Saturday 23 October 2010

Best Things Ever #6 All Along the Watchtower

The song, 'All Along the Watchtower' has an intriguing history. Written by Bob Dylan, it was recorded in November 1967 and released on the album, 'John Wesley Harding' the following year. With JWH, Dylan rejected the psychedelic spirit of the age. The Beatles had released 'Sergeant Pepper...', and the Stones, 'His Satanic Majesty', while Hendrix embodied the feelings of a generation with his performance at Woodstock. Yet having made his own contribution to rock n' roll, redefining it in the process, Dylan now turned away from the modern world.

The soundscape of JWH is sparse, as it is barren, its lyrics informed by biblical allusion, its atmosphere Post-Apocalyptic. Into this scene steps Dylan, two, sometimes three companions travelling with him. Gone are the cavalcade of musicians that once accompanied him. Gone too "that thin, wild mercury sound" of 'Blonde on Blonde'. Where previous albums had been awash with lyrics, here they are in short supply. This is a hostile environment and to survive one must convey all one has to say in as few short words as possible. The album contains not one chorus, lending it a somber air. The voice of Dylan balardises against the white harmonica noise of the wilderness, unforgiving and endless.

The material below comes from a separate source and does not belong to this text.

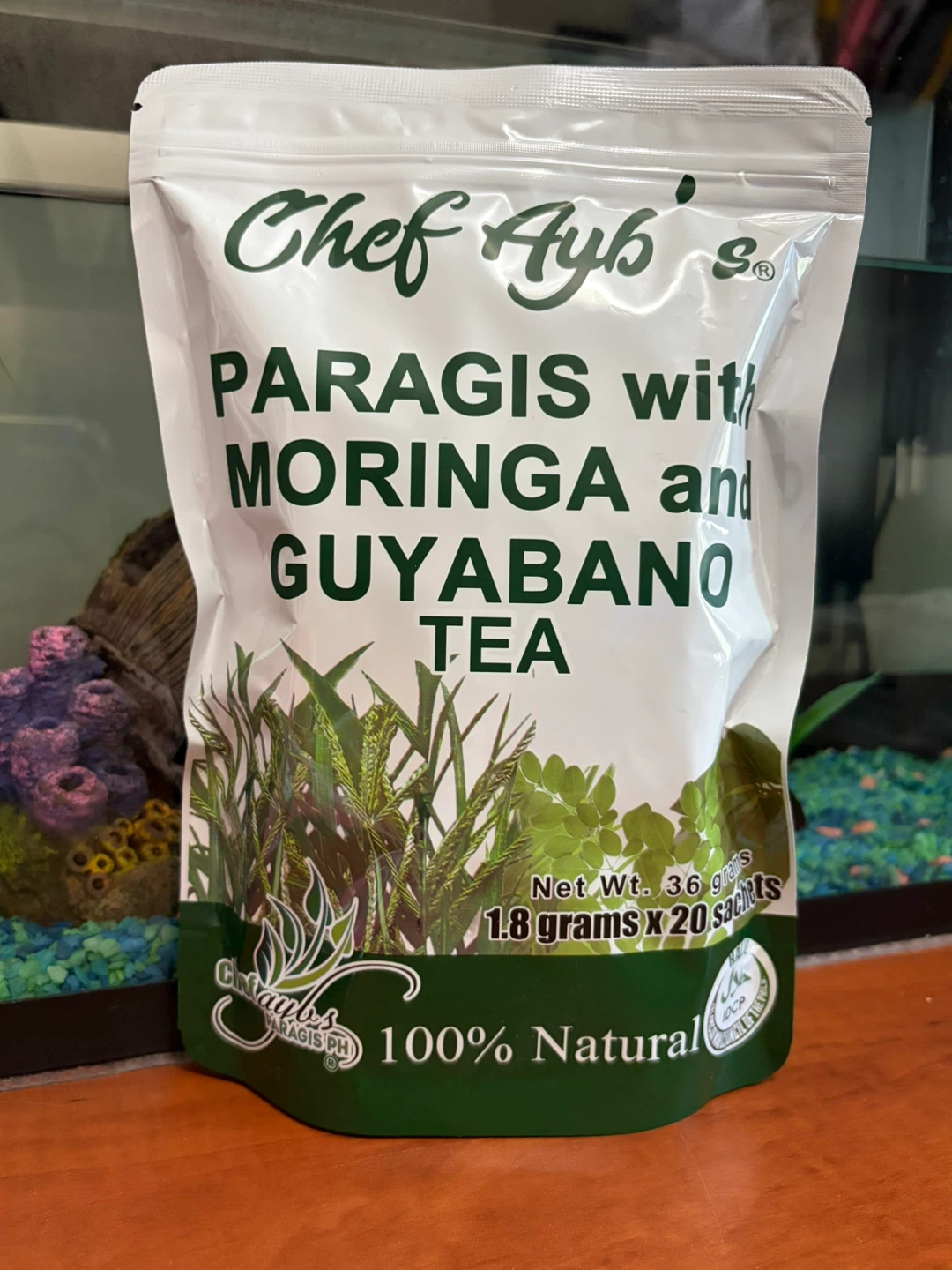 Chef Ayb's Paragis with Moringa and Guyabano Tea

'All Along the Watchtower' is the album's epitome, with its plowmen and princes, jokers and thieves, its howling winds and wildcats growling in the distance. As so much else on JWH, the chord progression propels the song along at the canter of its two approaching riders. There is a suggestion among Dylanites that the song is an endless loop, the last verse belonging at the beginning. Live, Dylan has taking to repeating the first verse at the end of the song, lending credence to this theory. 'All Along the Watchtower' is Groundhog Day restaged at the fields of Armageddon.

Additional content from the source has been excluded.